It is a travelling of melancholy, years since my last long train journey through Germany. Fog, low hanging November clouds, specks of light on grey green brown patterns, rows of trees marking edges and possessions. Horses, cows, a flock of geese, a single wading stork pass by the window. I have to switch trains three times to get to tubingen.
The Eastern country is old and roof tiles covered with mold, discolored facades, bales of hay, folded into white plastic covers, orderly stacked. Small curvy roads leading to tiny, invisible villages hidden behind rolling hills and yellow woods, merely imagined, church spires peeking over tree tops. Driftwood collecting under a medieval bridge. How long will it last? Maybe until the spring to be washed further downstream by the mass of molten snow, to travel like a living thing, the home of insects and birds. Home for everything that can hold on to it.
The cream the woman sitting next to me applies to her hands is the same that my mother used when I was a child, something I have not smelled for 20 years. This is the travel of melancholy and an attempt to reconnect with something that has long since become unknown. A landscape I once thought I knew but somehow unlearned. An overgrown graveyard, where people visited and went away, glad to turn their backs, once again. An old tune, hated but strangely appealing.

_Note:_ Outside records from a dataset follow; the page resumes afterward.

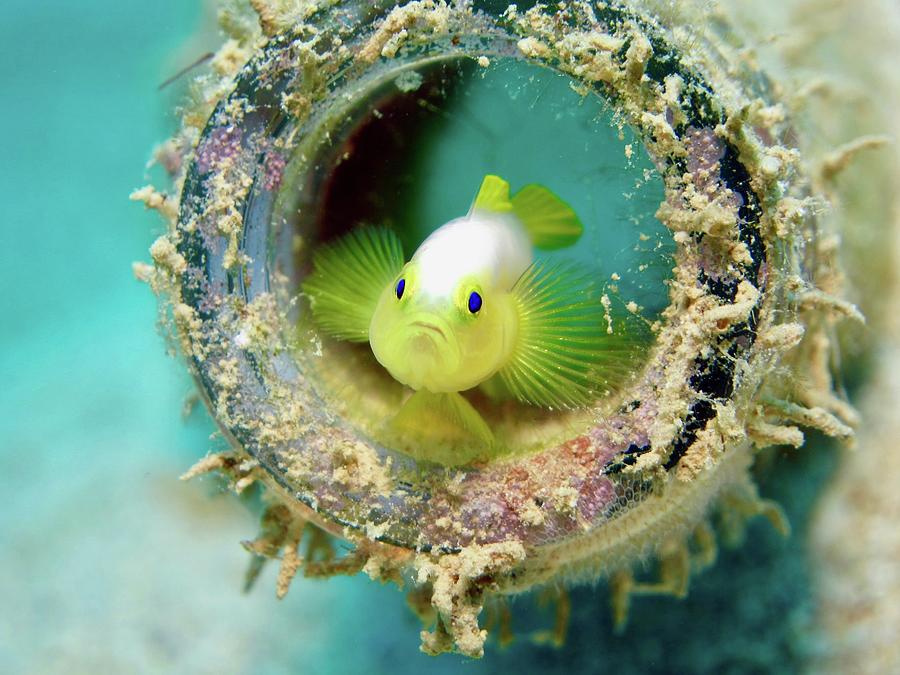 Beautiful Fish Photography #41 Photograph by Wildlife Photographer ...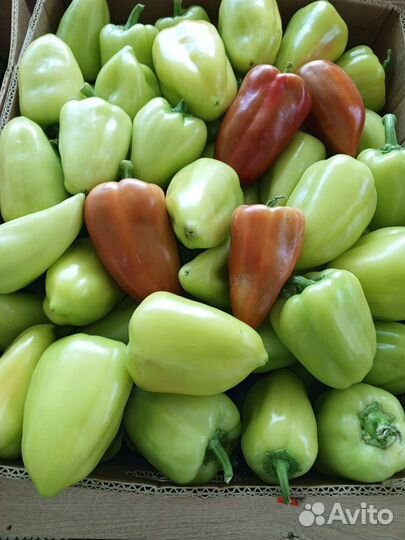 Доставка продуктов питания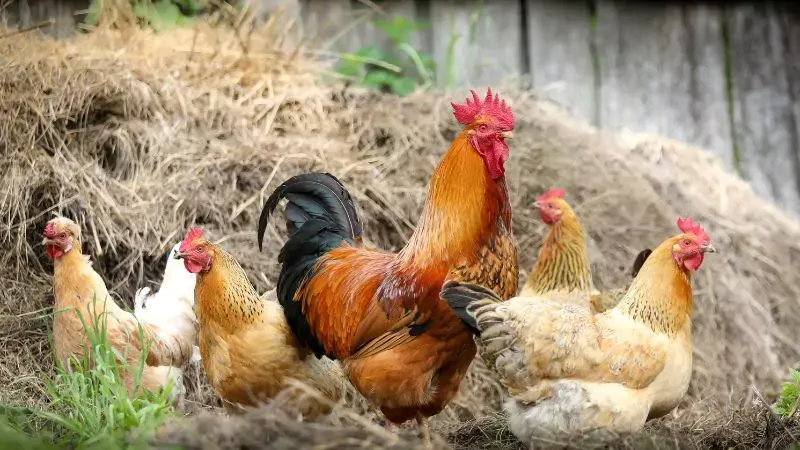 Poultry Farm Business in Agartala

The cities start to look different as we cross the border that once divided the people. More geometric and modern, the edges grow rougher. I am going to where I was born, Western Germany, to give a talk about how writers imagined the American West. It is only now, half asleep on a train, that I seem to realize I have forgotten how to imagine the places I grew up with. Because I have changed, and my fear is, so have they.